BEGIN
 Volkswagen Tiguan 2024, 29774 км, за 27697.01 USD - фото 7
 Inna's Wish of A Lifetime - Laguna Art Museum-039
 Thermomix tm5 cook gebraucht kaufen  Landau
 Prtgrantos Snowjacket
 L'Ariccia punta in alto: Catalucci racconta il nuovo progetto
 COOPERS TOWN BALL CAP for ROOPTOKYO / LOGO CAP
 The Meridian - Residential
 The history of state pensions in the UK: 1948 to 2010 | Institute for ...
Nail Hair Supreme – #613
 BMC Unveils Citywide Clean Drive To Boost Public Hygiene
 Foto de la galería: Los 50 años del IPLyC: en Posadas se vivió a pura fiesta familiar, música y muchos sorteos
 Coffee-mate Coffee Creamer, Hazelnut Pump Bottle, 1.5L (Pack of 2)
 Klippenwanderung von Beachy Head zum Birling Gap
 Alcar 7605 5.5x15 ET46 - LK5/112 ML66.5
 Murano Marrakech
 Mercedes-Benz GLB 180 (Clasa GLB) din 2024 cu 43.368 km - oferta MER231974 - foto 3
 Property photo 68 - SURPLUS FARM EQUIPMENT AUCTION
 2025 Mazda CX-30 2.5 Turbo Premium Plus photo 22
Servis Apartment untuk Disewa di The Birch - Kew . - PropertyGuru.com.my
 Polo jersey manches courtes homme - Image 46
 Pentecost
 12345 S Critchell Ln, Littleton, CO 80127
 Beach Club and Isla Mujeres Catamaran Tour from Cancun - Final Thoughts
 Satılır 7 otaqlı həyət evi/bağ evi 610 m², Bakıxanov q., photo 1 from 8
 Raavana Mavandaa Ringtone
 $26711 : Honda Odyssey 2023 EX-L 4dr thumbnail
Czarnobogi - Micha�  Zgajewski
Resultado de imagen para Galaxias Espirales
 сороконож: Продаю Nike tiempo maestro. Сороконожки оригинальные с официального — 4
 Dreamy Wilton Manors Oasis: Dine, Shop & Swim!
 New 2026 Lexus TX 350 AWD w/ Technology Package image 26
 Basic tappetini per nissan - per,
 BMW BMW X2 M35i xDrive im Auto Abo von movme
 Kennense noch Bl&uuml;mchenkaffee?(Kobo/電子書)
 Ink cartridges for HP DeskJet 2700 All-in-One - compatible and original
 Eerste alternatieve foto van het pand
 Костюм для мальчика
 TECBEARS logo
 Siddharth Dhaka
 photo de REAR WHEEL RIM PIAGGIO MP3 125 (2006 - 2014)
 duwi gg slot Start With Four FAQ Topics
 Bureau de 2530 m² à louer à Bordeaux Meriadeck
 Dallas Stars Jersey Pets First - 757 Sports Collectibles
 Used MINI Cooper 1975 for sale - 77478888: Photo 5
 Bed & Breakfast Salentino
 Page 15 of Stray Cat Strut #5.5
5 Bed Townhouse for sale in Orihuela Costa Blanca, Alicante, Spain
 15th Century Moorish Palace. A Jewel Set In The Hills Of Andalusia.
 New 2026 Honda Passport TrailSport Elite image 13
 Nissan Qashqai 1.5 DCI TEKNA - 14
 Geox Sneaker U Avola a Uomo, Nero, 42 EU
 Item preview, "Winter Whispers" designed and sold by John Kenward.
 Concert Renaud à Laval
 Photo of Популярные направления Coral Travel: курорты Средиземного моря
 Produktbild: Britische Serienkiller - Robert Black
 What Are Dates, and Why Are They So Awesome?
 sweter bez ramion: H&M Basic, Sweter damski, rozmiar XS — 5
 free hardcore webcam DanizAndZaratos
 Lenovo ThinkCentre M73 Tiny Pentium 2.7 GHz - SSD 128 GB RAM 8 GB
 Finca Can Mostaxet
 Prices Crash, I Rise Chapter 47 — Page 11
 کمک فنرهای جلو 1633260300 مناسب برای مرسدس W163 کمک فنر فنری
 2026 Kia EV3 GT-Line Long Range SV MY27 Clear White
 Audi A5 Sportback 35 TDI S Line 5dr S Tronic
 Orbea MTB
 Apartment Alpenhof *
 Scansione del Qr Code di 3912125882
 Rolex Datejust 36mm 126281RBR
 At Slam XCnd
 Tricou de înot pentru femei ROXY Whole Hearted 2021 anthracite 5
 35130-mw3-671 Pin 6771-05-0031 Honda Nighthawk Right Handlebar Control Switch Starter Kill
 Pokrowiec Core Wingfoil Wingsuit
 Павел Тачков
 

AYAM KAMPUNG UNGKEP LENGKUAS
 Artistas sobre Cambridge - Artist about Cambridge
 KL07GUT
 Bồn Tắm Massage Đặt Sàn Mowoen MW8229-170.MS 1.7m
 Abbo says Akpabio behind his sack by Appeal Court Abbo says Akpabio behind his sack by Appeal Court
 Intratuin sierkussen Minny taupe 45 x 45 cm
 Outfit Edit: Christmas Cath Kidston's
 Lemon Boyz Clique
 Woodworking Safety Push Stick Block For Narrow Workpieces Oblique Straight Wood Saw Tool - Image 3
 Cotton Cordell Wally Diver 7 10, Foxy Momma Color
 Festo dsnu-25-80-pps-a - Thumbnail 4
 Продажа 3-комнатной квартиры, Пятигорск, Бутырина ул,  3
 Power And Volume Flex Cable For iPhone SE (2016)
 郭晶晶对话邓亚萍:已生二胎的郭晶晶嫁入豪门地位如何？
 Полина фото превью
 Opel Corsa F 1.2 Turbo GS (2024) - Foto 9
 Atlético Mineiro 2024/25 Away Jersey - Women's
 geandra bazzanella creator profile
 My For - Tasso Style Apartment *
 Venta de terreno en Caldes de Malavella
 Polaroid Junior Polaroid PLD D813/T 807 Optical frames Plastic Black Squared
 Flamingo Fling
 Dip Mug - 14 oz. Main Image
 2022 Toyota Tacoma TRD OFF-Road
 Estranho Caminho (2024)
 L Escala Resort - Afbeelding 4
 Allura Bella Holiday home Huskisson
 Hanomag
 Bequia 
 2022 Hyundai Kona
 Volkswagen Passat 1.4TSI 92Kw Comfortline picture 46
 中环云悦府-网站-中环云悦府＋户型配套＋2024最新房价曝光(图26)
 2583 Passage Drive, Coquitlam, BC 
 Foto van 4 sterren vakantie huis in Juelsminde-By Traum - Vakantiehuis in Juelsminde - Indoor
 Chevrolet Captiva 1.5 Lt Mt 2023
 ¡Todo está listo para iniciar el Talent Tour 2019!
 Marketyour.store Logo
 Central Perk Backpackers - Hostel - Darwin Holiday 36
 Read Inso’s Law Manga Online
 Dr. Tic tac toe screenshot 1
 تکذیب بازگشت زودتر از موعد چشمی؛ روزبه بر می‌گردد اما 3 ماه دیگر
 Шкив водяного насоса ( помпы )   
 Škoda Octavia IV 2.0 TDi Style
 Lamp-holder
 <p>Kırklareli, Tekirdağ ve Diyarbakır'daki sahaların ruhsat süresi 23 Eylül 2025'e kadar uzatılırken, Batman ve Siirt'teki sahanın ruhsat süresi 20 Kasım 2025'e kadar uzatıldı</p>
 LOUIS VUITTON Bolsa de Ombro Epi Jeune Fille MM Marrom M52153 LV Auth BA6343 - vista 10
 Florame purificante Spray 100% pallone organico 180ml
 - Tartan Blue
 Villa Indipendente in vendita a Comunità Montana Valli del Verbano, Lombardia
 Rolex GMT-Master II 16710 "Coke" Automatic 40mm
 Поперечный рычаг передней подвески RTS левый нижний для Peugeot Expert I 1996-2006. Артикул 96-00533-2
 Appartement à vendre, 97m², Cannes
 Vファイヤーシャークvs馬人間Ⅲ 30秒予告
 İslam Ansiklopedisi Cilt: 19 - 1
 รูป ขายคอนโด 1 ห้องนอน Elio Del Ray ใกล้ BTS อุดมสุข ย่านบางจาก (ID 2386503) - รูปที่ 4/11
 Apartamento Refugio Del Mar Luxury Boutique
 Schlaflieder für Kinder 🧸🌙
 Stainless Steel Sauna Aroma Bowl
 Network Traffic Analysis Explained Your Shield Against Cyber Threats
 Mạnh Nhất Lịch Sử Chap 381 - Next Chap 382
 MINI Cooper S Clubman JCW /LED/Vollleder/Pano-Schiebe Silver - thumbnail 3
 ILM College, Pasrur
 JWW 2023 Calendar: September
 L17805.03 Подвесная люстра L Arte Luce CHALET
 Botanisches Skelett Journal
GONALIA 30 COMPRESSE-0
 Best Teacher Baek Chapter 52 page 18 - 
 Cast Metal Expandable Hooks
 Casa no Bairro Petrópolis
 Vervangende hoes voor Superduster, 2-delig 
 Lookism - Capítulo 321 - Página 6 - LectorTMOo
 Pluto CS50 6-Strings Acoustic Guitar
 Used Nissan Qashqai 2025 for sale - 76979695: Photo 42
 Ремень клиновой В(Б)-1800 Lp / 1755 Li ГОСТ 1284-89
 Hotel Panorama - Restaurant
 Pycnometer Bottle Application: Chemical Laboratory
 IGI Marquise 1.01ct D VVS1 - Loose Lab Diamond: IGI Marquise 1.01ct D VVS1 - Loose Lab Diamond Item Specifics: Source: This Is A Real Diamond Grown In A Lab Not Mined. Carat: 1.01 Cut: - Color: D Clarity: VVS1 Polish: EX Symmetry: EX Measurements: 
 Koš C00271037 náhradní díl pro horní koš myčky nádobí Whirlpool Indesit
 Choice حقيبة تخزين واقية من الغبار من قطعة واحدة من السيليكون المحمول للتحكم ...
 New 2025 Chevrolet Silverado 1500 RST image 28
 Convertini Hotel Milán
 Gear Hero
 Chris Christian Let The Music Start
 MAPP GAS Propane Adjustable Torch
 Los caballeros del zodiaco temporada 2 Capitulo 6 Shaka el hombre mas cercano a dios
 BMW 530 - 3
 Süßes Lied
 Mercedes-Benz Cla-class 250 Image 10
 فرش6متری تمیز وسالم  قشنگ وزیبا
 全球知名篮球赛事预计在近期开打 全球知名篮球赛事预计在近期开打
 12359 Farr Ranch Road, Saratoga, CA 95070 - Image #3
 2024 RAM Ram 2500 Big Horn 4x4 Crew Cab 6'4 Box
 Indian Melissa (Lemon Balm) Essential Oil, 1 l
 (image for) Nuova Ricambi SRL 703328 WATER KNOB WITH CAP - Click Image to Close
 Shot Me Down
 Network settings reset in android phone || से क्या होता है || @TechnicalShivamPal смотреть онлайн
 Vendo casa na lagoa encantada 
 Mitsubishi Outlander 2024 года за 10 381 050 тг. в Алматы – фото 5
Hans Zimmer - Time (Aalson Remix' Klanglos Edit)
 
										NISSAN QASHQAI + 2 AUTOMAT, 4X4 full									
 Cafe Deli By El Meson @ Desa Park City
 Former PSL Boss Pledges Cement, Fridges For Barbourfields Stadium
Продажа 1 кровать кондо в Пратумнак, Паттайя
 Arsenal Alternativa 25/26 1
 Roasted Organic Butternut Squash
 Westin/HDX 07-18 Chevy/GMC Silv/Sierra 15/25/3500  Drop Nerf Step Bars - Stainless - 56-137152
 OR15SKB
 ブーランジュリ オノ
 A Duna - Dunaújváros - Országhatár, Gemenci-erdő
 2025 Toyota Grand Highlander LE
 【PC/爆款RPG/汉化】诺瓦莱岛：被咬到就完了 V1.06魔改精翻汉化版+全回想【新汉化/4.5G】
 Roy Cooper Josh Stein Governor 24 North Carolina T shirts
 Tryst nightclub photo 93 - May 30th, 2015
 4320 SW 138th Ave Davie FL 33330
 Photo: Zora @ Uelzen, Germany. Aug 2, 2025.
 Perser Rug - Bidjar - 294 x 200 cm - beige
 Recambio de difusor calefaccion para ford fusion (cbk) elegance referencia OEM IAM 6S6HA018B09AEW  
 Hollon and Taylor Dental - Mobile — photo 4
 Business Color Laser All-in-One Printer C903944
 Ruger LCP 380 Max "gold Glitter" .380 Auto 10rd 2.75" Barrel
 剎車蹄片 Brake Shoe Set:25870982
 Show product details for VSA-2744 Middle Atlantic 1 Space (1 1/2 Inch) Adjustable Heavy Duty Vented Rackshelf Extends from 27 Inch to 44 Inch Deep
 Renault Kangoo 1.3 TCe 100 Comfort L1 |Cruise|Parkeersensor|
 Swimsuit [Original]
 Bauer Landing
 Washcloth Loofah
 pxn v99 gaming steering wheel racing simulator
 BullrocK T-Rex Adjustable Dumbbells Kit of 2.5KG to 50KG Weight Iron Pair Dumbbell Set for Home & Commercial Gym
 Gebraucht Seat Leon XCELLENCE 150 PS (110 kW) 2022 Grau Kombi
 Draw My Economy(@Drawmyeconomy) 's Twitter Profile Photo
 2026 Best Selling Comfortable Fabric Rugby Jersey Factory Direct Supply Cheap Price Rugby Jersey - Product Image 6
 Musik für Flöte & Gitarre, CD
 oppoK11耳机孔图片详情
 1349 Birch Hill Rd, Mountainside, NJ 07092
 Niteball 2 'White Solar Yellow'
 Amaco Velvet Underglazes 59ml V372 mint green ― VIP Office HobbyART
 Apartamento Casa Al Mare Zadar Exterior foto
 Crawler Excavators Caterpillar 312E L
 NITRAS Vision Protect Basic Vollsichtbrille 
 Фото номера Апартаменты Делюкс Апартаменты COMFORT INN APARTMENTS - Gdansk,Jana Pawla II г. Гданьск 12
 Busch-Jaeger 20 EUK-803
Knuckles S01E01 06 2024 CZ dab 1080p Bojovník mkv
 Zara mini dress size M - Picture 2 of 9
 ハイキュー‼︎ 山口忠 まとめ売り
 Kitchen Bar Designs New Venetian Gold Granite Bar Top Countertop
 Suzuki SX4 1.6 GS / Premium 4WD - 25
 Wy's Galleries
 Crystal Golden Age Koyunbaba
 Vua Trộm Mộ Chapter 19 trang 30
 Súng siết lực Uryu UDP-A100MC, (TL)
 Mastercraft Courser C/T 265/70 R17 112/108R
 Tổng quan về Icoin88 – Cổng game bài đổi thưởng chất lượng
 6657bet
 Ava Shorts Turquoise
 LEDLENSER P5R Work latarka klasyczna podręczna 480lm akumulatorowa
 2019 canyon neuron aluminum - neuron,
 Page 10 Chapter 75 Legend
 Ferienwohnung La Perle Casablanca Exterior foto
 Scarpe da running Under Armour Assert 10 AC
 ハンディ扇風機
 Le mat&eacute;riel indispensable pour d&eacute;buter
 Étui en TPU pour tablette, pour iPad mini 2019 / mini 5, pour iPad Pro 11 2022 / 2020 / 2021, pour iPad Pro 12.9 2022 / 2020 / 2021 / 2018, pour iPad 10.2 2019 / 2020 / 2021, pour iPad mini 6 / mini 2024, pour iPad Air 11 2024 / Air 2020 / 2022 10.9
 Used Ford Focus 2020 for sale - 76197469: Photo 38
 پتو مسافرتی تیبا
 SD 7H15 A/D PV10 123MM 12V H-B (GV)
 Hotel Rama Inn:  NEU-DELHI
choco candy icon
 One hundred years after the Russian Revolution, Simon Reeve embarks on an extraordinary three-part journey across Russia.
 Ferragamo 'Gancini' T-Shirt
END
## What is needed
Set down again, word for word, the stretch of records from the line with "The Meridian - Residential" to the line with "Beach Club and", both of those lines included.

## Solved problem
 The Meridian - Residential
 The history of state pensions in the UK: 1948 to 2010 | Institute for ...
Nail Hair Supreme – #613
 BMC Unveils Citywide Clean Drive To Boost Public Hygiene
 Foto de la galería: Los 50 años del IPLyC: en Posadas se vivió a pura fiesta familiar, música y muchos sorteos
 Coffee-mate Coffee Creamer, Hazelnut Pump Bottle, 1.5L (Pack of 2)
 Klippenwanderung von Beachy Head zum Birling Gap
 Alcar 7605 5.5x15 ET46 - LK5/112 ML66.5
 Murano Marrakech
 Mercedes-Benz GLB 180 (Clasa GLB) din 2024 cu 43.368 km - oferta MER231974 - foto 3
 Property photo 68 - SURPLUS FARM EQUIPMENT AUCTION
 2025 Mazda CX-30 2.5 Turbo Premium Plus photo 22
Servis Apartment untuk Disewa di The Birch - Kew . - PropertyGuru.com.my
 Polo jersey manches courtes homme - Image 46
 Pentecost
 12345 S Critchell Ln, Littleton, CO 80127
 Beach Club and Isla Mujeres Catamaran Tour from Cancun - Final Thoughts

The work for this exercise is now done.